Dataset excerpts Block Start

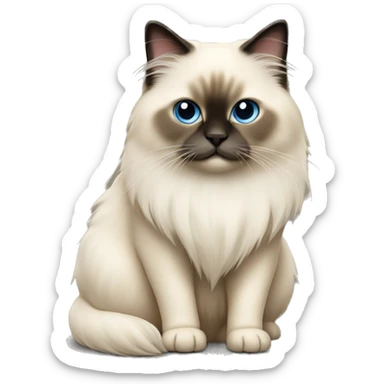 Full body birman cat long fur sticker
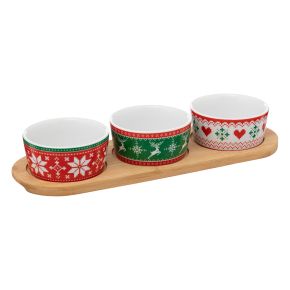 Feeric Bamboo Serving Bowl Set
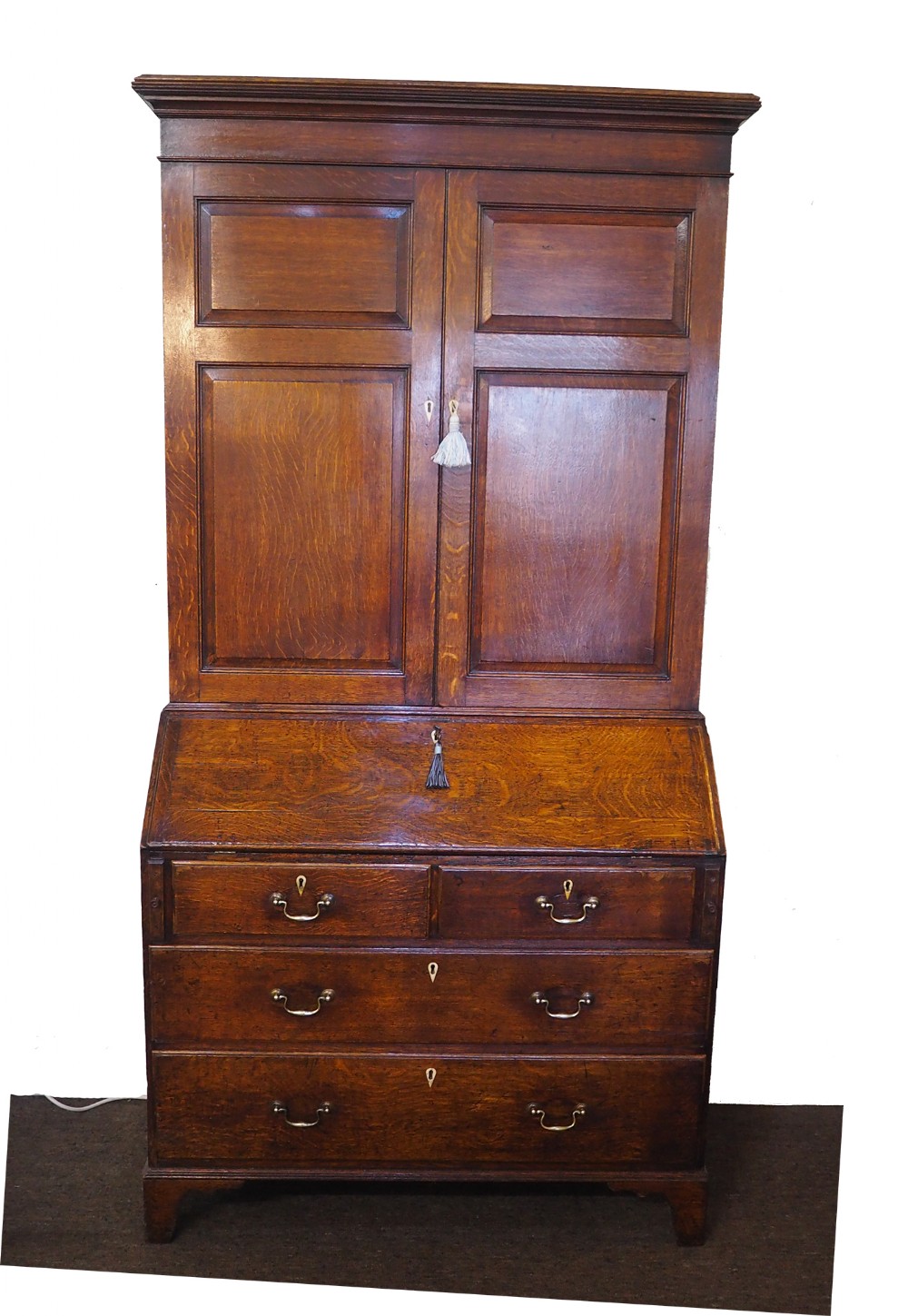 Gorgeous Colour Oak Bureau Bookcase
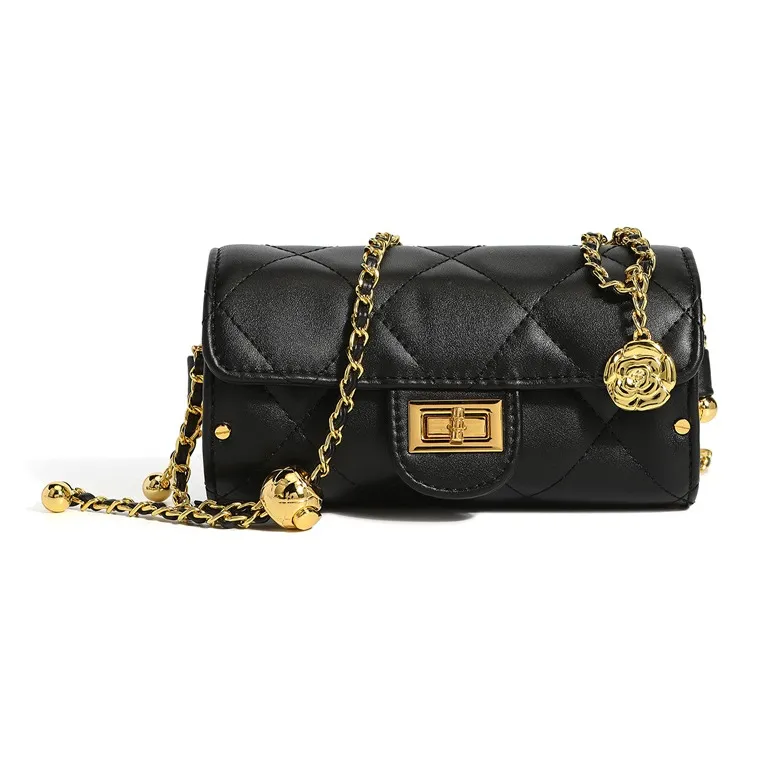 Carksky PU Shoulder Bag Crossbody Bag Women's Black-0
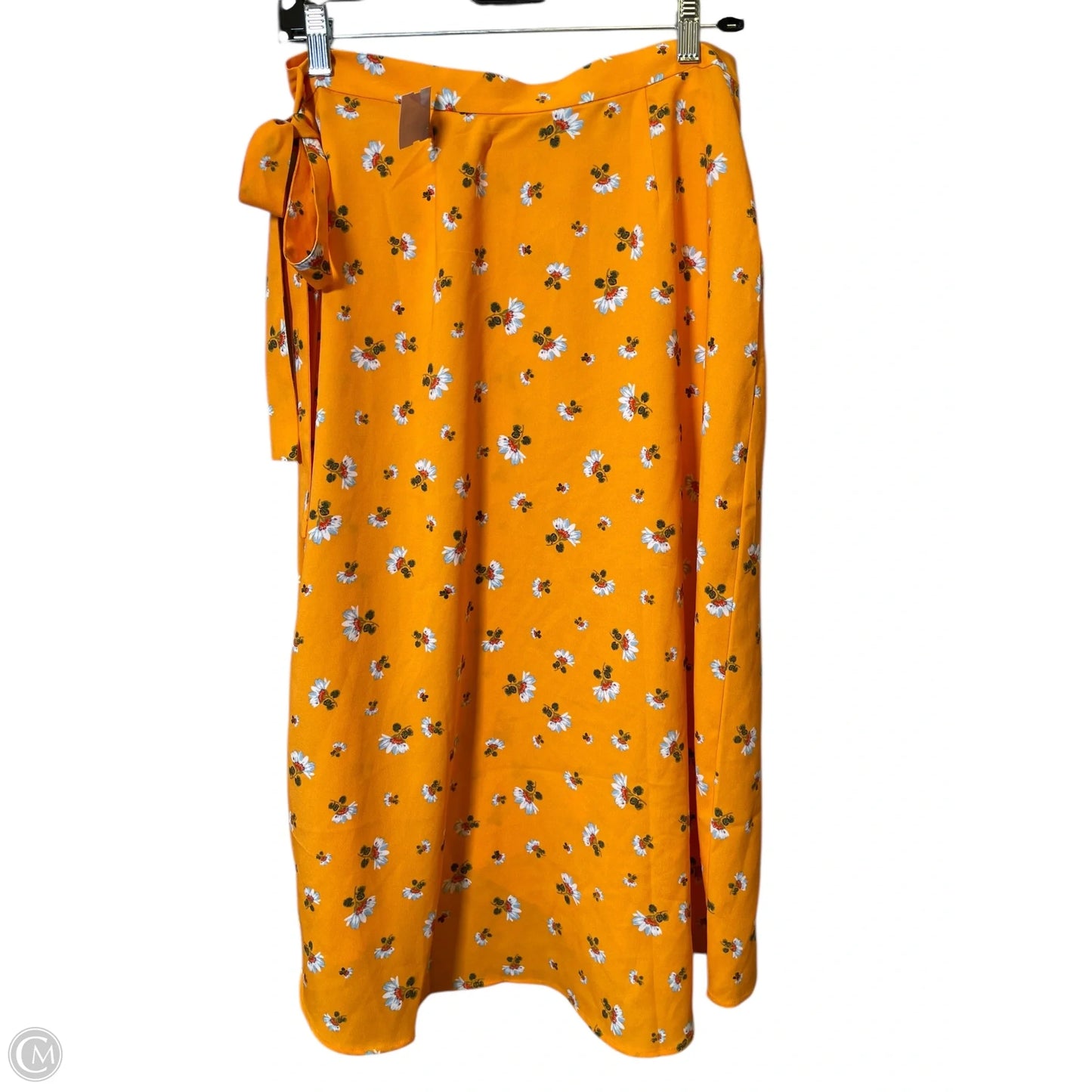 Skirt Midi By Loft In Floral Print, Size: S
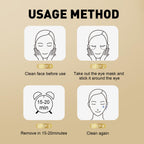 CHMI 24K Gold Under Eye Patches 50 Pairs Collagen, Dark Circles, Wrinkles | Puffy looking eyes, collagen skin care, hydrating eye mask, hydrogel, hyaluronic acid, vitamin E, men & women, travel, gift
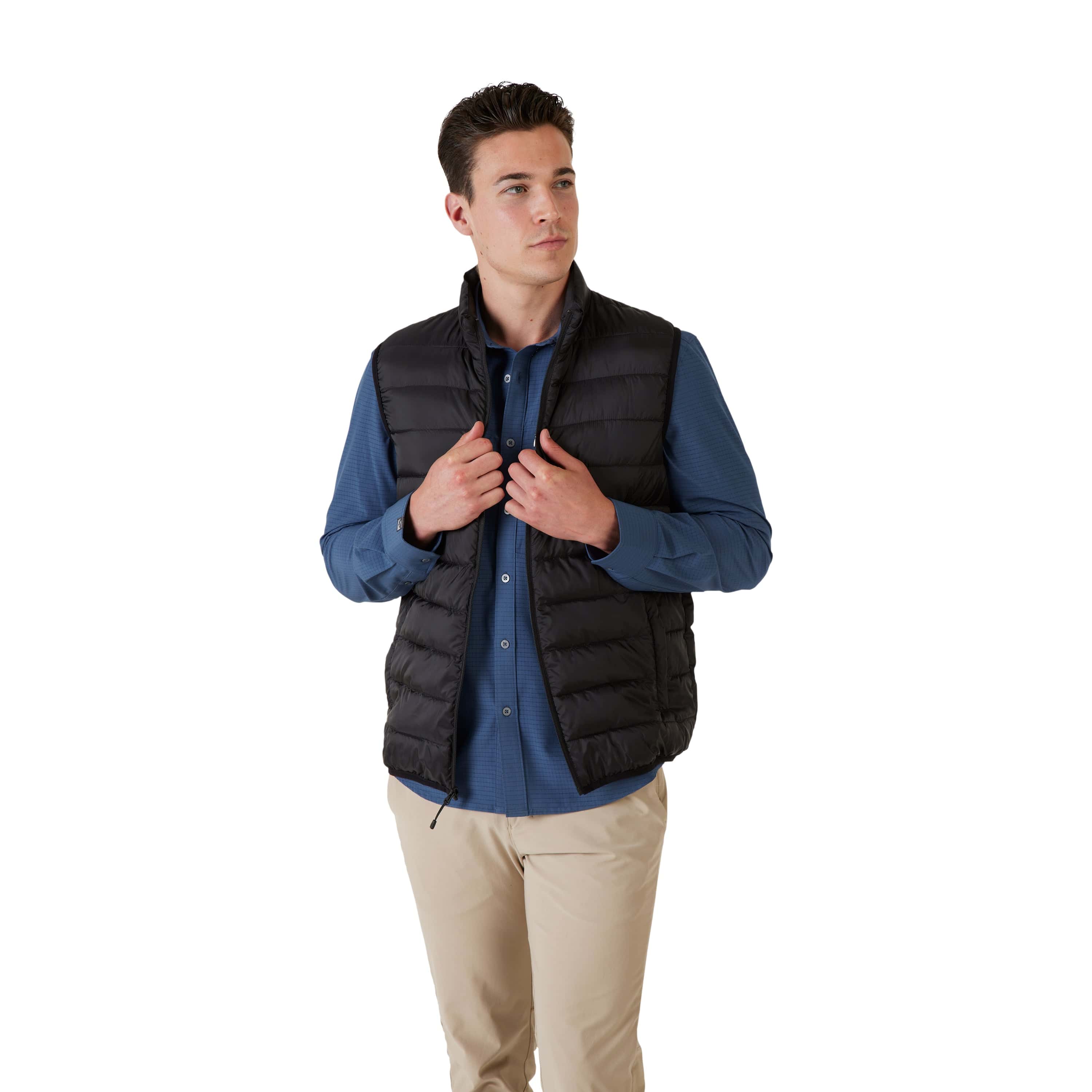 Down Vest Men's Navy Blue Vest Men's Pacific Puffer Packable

Dataset excerpts Block End

__Prompt__.
Retype the records exactly, but skip the pictures.

__Solution to the problem__.
 Full body birman cat long fur sticker
 Feeric Bamboo Serving Bowl Set
 Gorgeous Colour Oak Bureau Bookcase
 Carksky PU Shoulder Bag Crossbody Bag Women's Black-0
 Skirt Midi By Loft In Floral Print, Size: S
 CHMI 24K Gold Under Eye Patches 50 Pairs Collagen, Dark Circles, Wrinkles | Puffy looking eyes, collagen skin care, hydrating eye mask, hydrogel, hyaluronic acid, vitamin E, men & women, travel, gift
 Down Vest Men's Navy Blue Vest Men's Pacific Puffer Packable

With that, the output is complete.